Круг действий наших имеет обнимать: портреты, иконостасы, копии, картины оригинальные, рисунки для изданий и литографий, рисунки на дереве - одним словом, всё, относящееся к специальности нашей...
С 1 декабря будет объявлено публике Петербурга и Москвы, а затем и всей России, следующее: "Художественное комиссионерство. Такой-то, имея обширный круг знакомых между художниками, объявляет, что он принимает всевозможные заказы, относящиеся к искусству, как-то: портреты, копии с картин, образа, иконостасы, живопись альфреско, плафоны, рисунки для иллюстрированных изданий и журналов, рисунки для золотых и серебряных изделий, а также и скульптурные произведения, барельефы, круглые фигуры, рисунки и модели для памятников, а также комиссионерство берёт на себя рекомендацию учителей рисования"... Всякое начало требует, сообразно размерам своим, основного капитала...

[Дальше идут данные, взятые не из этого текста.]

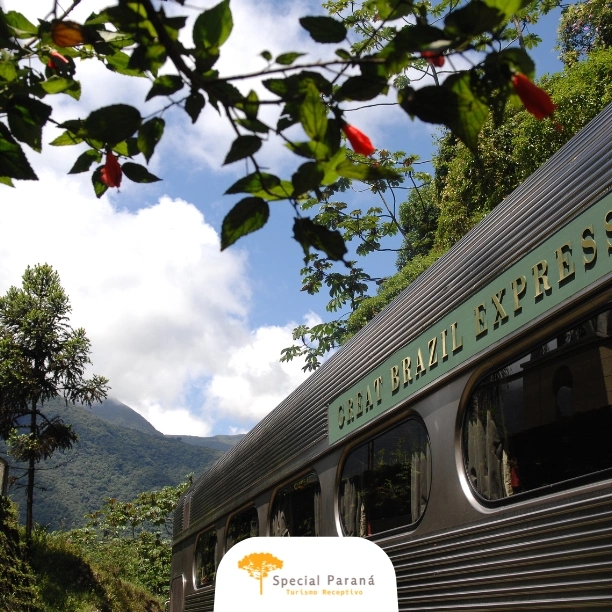 Passeio Trem de Luxo - alta temporada - imagem 4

Относительно твоего вопроса, с какими мы средствами начинаем, я должен тебе сказать: ни с какими. Мы просто теперь начали составлять капитал из процентов с зарабатываемых денег, и через год, Бог даст, у нас будут деньги, которые мы и употребим на какое-нибудь выгодное предприятие.
Вот и всё. Мы готовы работать, и работаем, что у каждого есть. Впереди, что Бог даст...
Так как бумаги остаётся уже немного, то тут самое удобное место будет спросить, как ты думаешь - короткое это письмо? Я, кажется, обо всём упомянул, чего требовало приличие, поболтал и о делах, внимание оказал, так сказать, следовательно, думаю себе, этим письмом я огорчения тебе не доставлю, раз, а второе - что я значительно и поумнел, так сказать, ибо знаю по опыту, что если писать в письме только дело и одно дело, то, пожалуй, письма будут выходить короткими, чем и буду огорчать всех тех, кому адресованы...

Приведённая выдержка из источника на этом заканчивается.